Start of Record excerpts
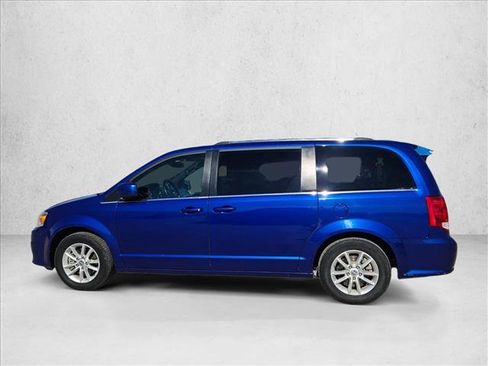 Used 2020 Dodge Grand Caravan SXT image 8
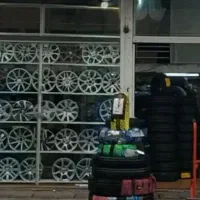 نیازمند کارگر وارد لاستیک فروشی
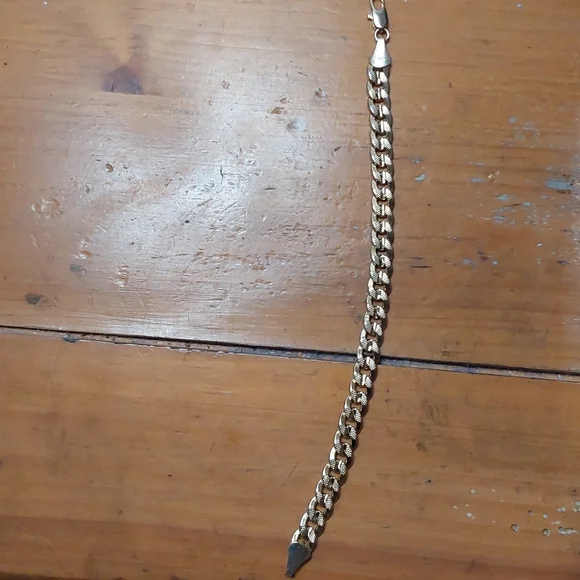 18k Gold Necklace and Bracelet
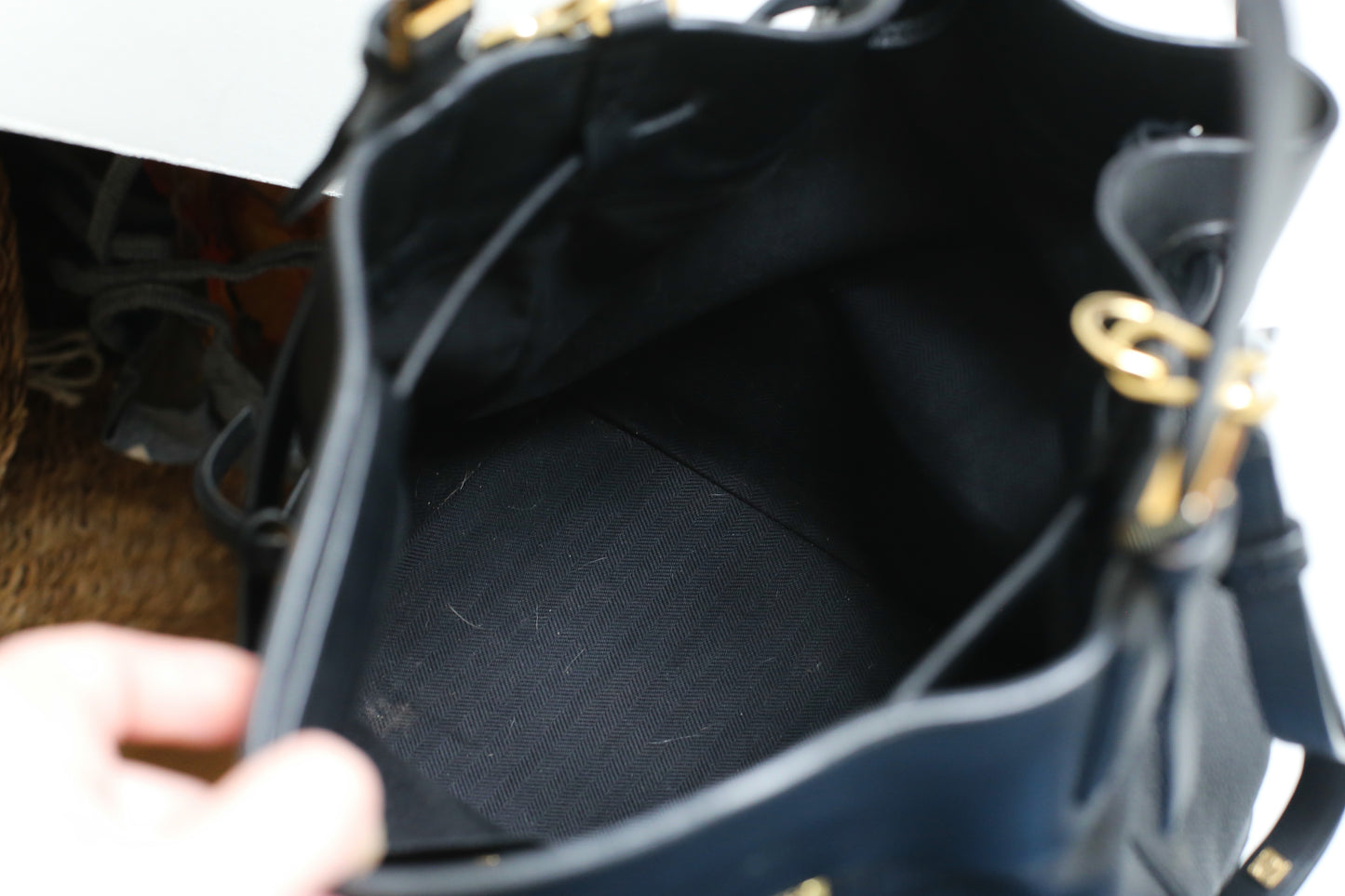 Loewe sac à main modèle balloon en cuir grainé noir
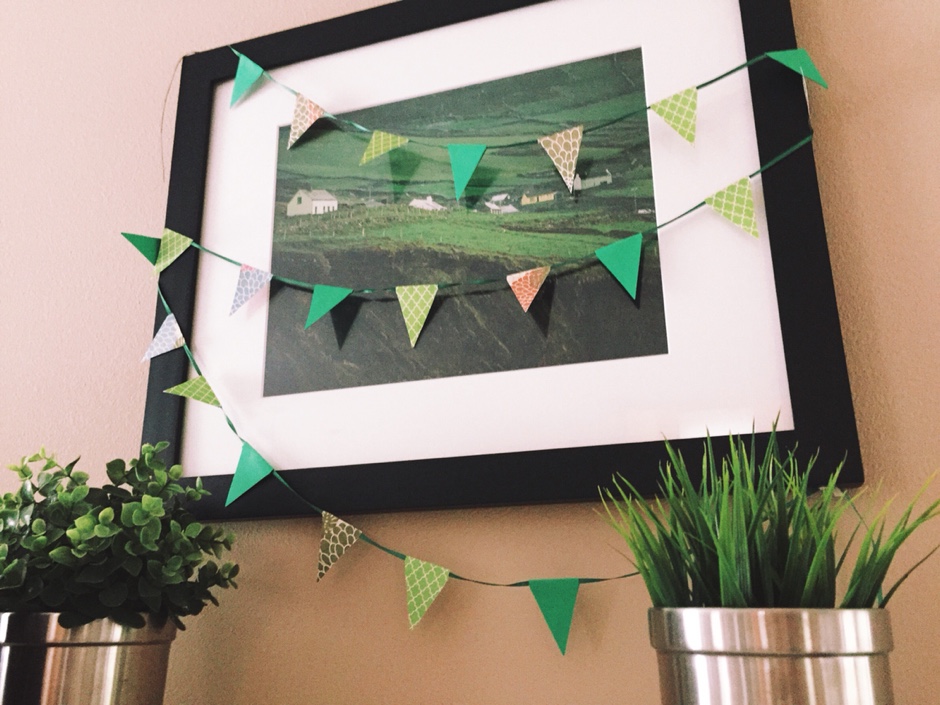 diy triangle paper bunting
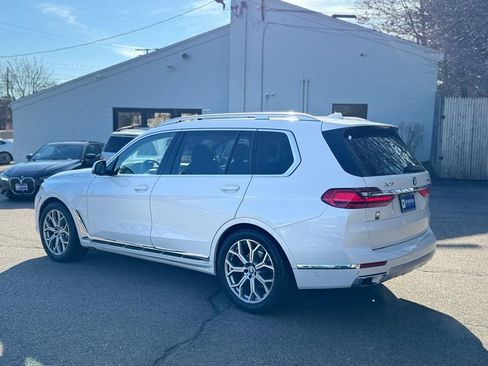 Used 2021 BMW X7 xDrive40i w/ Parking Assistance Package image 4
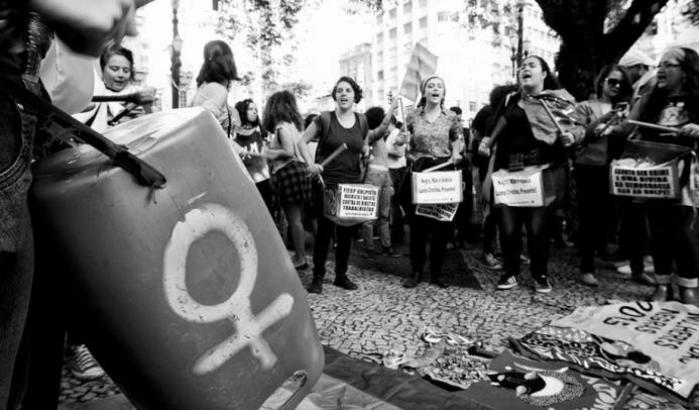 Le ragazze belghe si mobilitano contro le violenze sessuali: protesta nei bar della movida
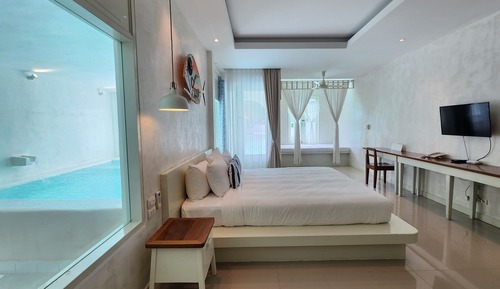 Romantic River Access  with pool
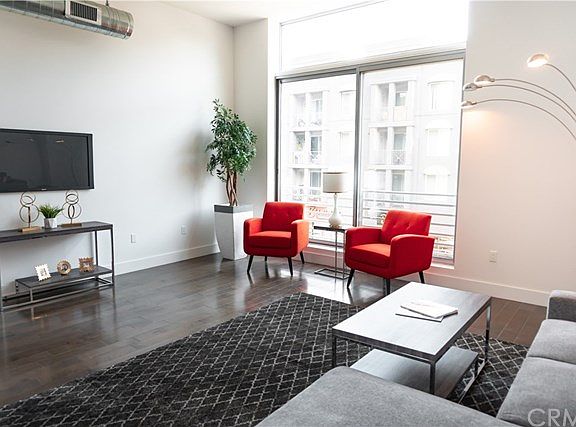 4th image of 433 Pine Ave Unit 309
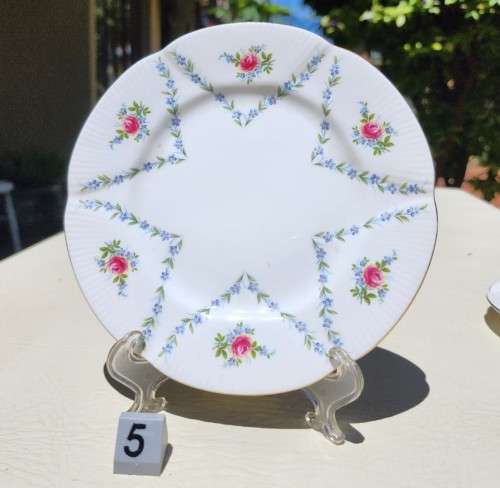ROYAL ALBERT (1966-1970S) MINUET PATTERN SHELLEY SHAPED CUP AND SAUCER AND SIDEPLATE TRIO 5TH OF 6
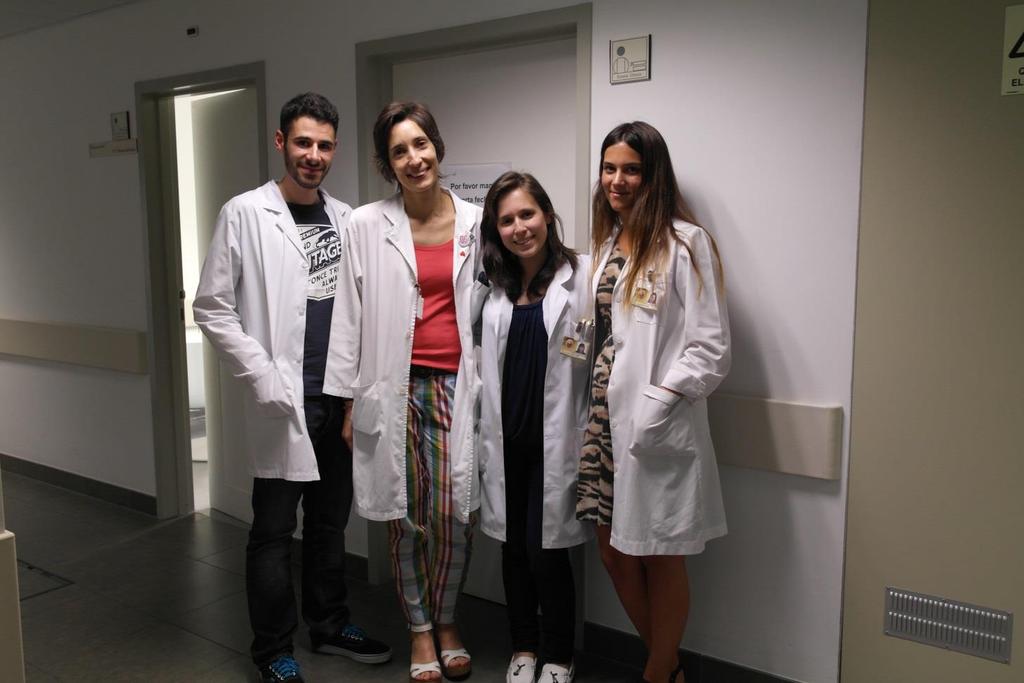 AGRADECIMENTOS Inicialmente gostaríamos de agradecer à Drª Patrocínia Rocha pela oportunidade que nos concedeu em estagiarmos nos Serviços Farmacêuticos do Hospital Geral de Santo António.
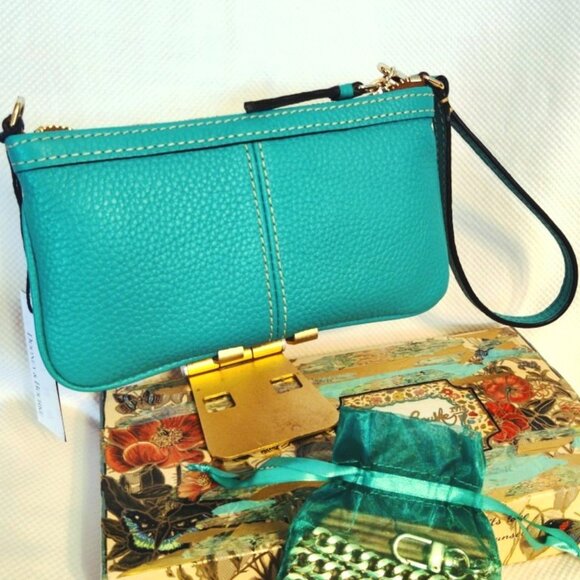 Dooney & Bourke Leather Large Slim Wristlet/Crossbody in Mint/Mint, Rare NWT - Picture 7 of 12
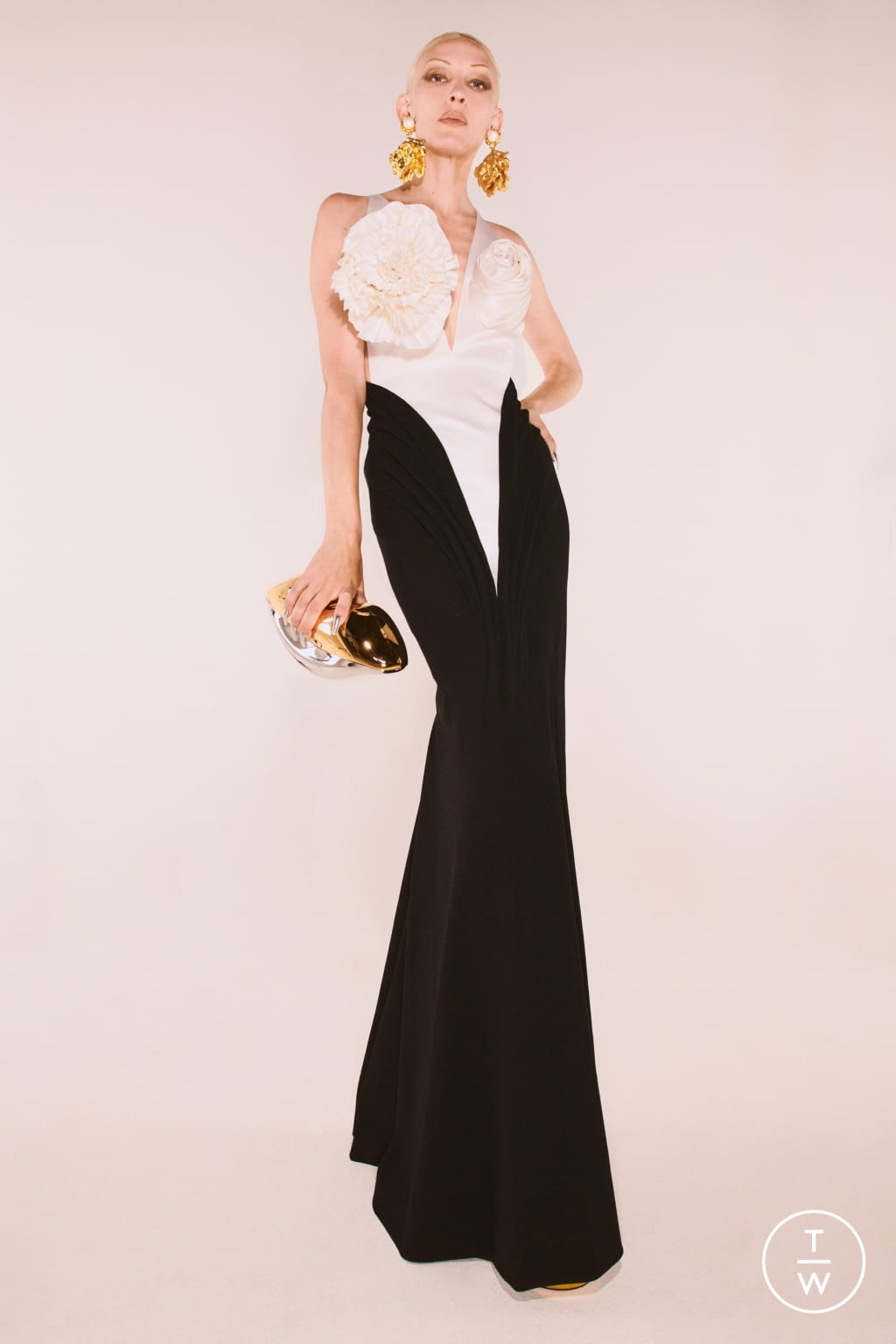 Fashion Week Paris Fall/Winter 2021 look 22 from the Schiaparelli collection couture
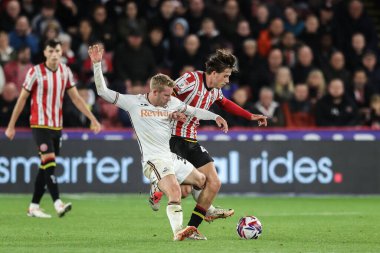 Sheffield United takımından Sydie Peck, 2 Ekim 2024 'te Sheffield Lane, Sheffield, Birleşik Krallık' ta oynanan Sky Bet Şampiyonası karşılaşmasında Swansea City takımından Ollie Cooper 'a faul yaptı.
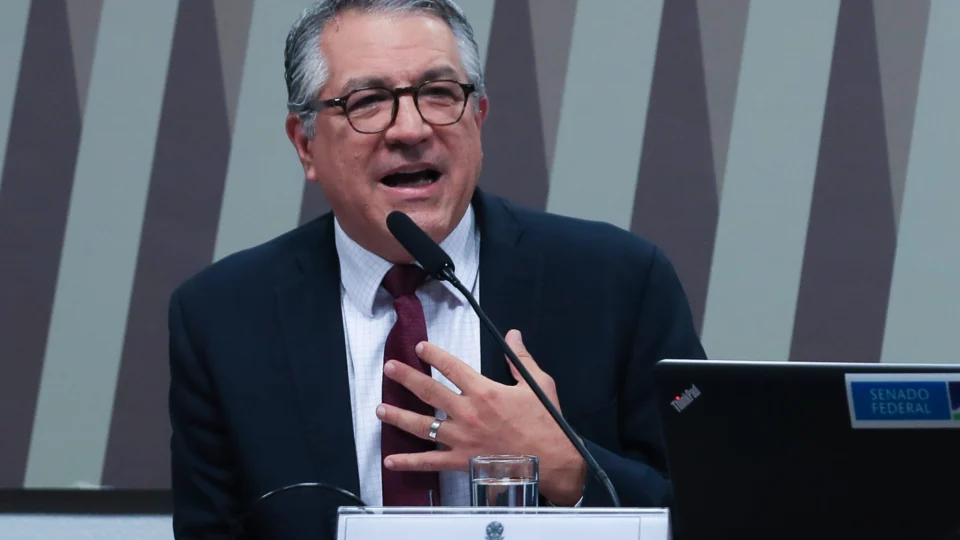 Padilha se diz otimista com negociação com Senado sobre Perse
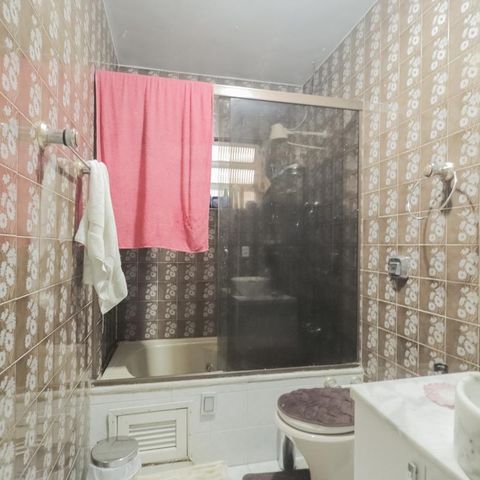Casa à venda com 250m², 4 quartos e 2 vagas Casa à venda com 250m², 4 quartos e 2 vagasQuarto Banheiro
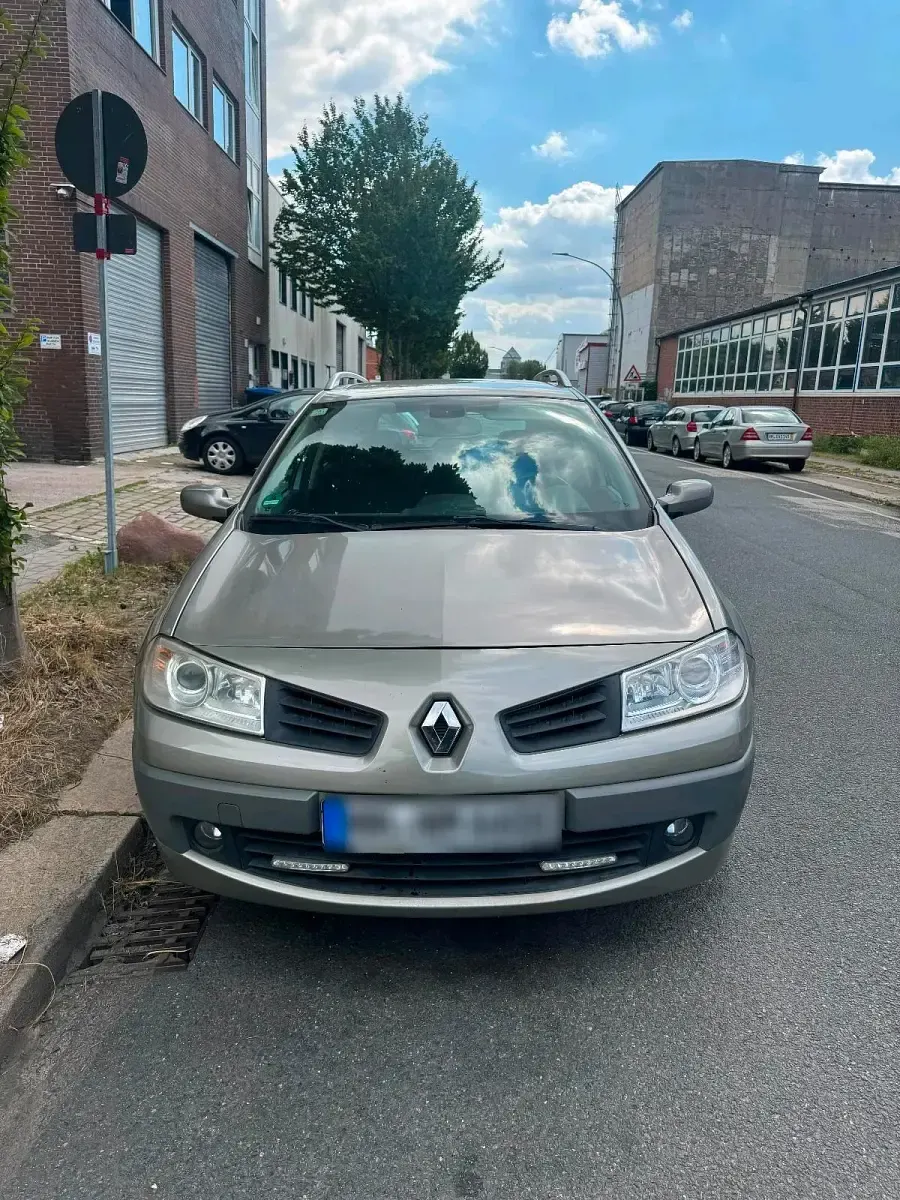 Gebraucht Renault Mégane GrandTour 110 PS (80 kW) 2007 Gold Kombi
End of Record excerpts
▸ Exercise
When copying the entries, drop the images and keep every line exact.

▸ Finished exercise
 Used 2020 Dodge Grand Caravan SXT image 8
 نیازمند کارگر وارد لاستیک فروشی
 18k Gold Necklace and Bracelet
 Loewe sac à main modèle balloon en cuir grainé noir
 diy triangle paper bunting
 Used 2021 BMW X7 xDrive40i w/ Parking Assistance Package image 4
 Le ragazze belghe si mobilitano contro le violenze sessuali: protesta nei bar della movida
 Romantic River Access  with pool
 4th image of 433 Pine Ave Unit 309
ROYAL ALBERT (1966-1970S) MINUET PATTERN SHELLEY SHAPED CUP AND SAUCER AND SIDEPLATE TRIO 5TH OF 6
 AGRADECIMENTOS Inicialmente gostaríamos de agradecer à Drª Patrocínia Rocha pela oportunidade que nos concedeu em estagiarmos nos Serviços Farmacêuticos do Hospital Geral de Santo António.
 Dooney & Bourke Leather Large Slim Wristlet/Crossbody in Mint/Mint, Rare NWT - Picture 7 of 12
 Fashion Week Paris Fall/Winter 2021 look 22 from the Schiaparelli collection couture
 Sheffield United takımından Sydie Peck, 2 Ekim 2024 'te Sheffield Lane, Sheffield, Birleşik Krallık' ta oynanan Sky Bet Şampiyonası karşılaşmasında Swansea City takımından Ollie Cooper 'a faul yaptı.
 Padilha se diz otimista com negociação com Senado sobre Perse
Casa à venda com 250m², 4 quartos e 2 vagas Casa à venda com 250m², 4 quartos e 2 vagasQuarto Banheiro
 Gebraucht Renault Mégane GrandTour 110 PS (80 kW) 2007 Gold Kombi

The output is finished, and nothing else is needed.